Fu amore a prima vista. E così via con qualche disegno sui quaderni, appunti lasciati un po' ovunque e tanta tenacia. Soprattutto quella: «Una sfida continua con me stesso» spiega Adorni.
Che il sogno non fosse una cosa del tutto astratta lo si è capito quando un giorno è uscito dall'officina dell'azienda agricola con il «Batolino», il primo dragster autoprodotto riadattando vari tubi di ferro e parti di motofalciatrice. A vederlo ora, nei vecchi video, fa sorridere. Ma il solco era stato tracciato.
L'obiettivo di gareggiare con un mezzo frutto del proprio lavoro Adorni lo raggiunge nel 2018. Pur fuori classifica, debutta con i veterani del tractor pulling e non sfigura. Il suo Twister, spinto da due propulsori da moto, lascia intendere di essere all'altezza della situazione. L'anno dopo è già campione d'Italia.
Negli anni 2020 e '21 il campionato non viene disputato per la pandemia, ma Adorni non sta a guardare. «Le cose semplici non mi piacciono - insiste -. Non mi danno soddisfazione». Mentre i suoi avversari montano motori singoli che tendono a elaborare per esasperarne le prestazioni, lui punta a una nuova sfida: dà vita - assieme all'inseparabile meccanico Renzo Iotti - al Maverick, il primo puller nel panorama europeo ad essere spinto da 3 motori. «Ho puntato sui Suzuki Gsxr 1100 che sviluppano 155 cavalli ciascuno.
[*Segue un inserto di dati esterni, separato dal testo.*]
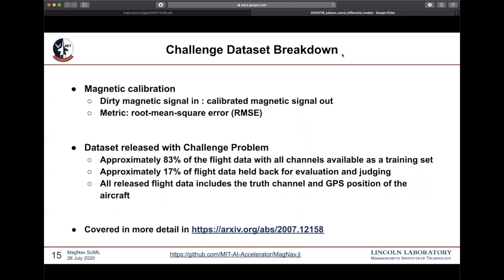The training set is approximately five-sixths of the total collected data, and the evaluation or judgment data set is approximately one-sixth of the total flight data. All of the flight data that we are releasing includes the truth channel — the tail stinger — as well as the GPS position of the aircraft, which can be used in conjunction with a magnetic anomaly map to get a secondary truth channel, which acts effectively as the map you would normally consult to perform navigation via this magnetic signal.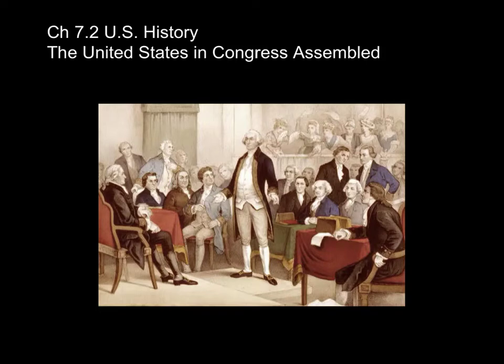Welcome to 7.2 U.S. History. The United States creates the Articles of Confederation.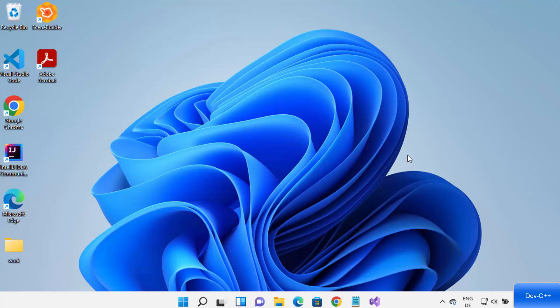Hey guys, in this video I'm going to show you how you can download, install, and use Dev C++ for creating C and C++ applications on your Windows 11 operating system. So let's get started and see how we can do it.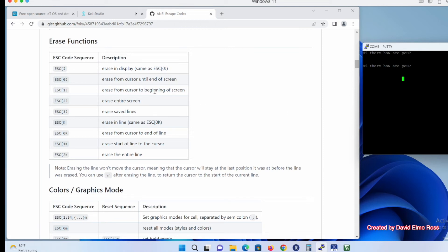If I want to erase from the cursor to the beginning, I do Escape, left square bracket, one, capital J — and everything from the cursor to the top clears. Now the one we're going to use the most is Escape, left square bracket, two J, which erases the entire screen.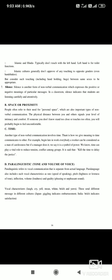Space or proximity is also an important type of nonverbal communication. People often refer to their need for personal space. The physical distance between you and others signals your level of intimacy and comfort. If someone stands too close or touches too often, you will probably begin to feel uncomfortable.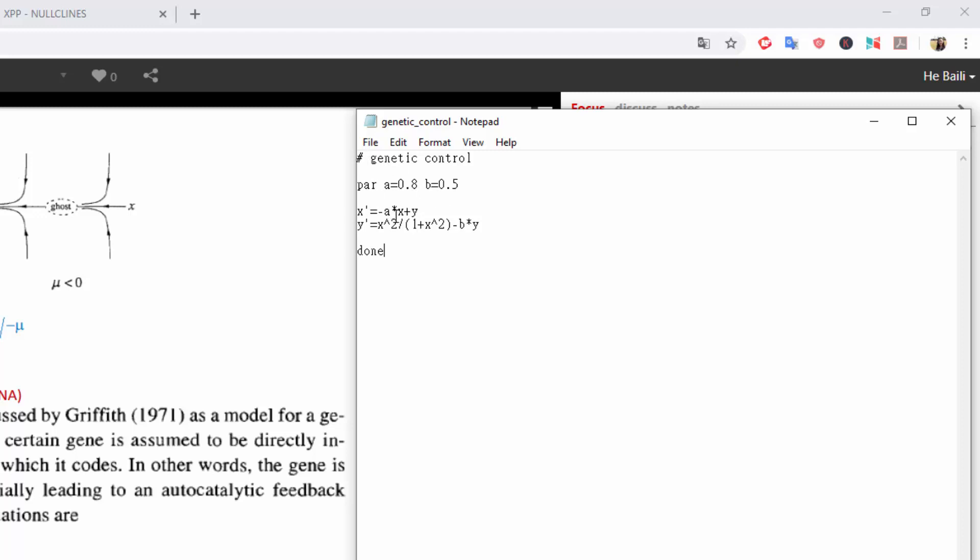These are just the numbers I chose because I like how the graph looks with these parameters. And then I copy the equations and finish it with a done line.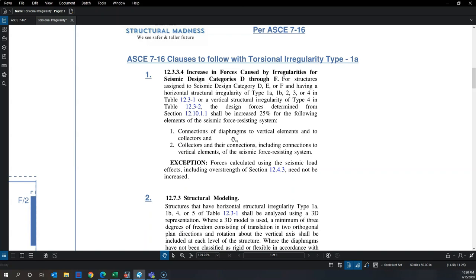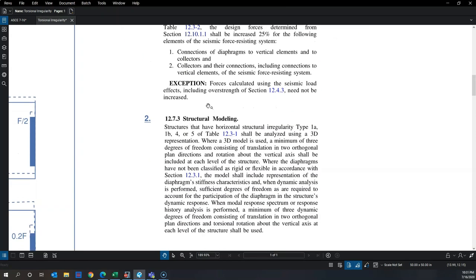The 25% penalty exists because elastic models don't fully capture the distribution of forces, and nonlinear time history analysis has shown that force distribution is very unequal. In post-yield stages, stiffer elements remain even stiffer relative to flexible ones, causing the diaphragm to dump more load into collector lines.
Sono leggeri e producono tanta potenza: facevano al caso mio». La difficoltà principale è farli funzionare assieme, applicando trasmissione e telaio all'altezza.
«Da soli i motori pesano 250 chili e negli altri 350 (il limite di categoria è 600 kg) ci deve stare tutto il resto compreso il pilota... al quale piace anche mangiare» scherza.
Nel 2022 il Maverick è arrivato secondo in campionato, montando un innovativo telaio in carbonio, unico nel panorama del tractor pulling. Quest'anno il successo è arrivato invece grazie a un telaio «a traliccio» progettato in casa Adorni: un frutto dell'esperienza per resistere al massimo alla torsione.
Che il Maverick sia un autentico mostro è parso chiaro a tutti, ma va domato. «Durante l'inverno cercheremo di trovare una soluzione leggera ma resistente, perché quest'anno abbiamo avuto troppe rotture alla trasmissione». È la nuova sfida.
«I miei avversari mi hanno già fatto capire che l'anno prossimo proporranno mezzi eccezionali, spinti da motori Audi V6 elaborati per le gare e alimentati a benzina e metanolo. C'è grande competizione e io cercherò di farmi trovare pronto insieme a tutto il team Tkob».
Tkob - coniato con alcuni amici - sta per «The king of batholins», «Il re dei batolini», perché solo coltivando i sogni di ragazzo e dandosi sempre nuovi obiettivi si può continuare a vincere. E ad essere re.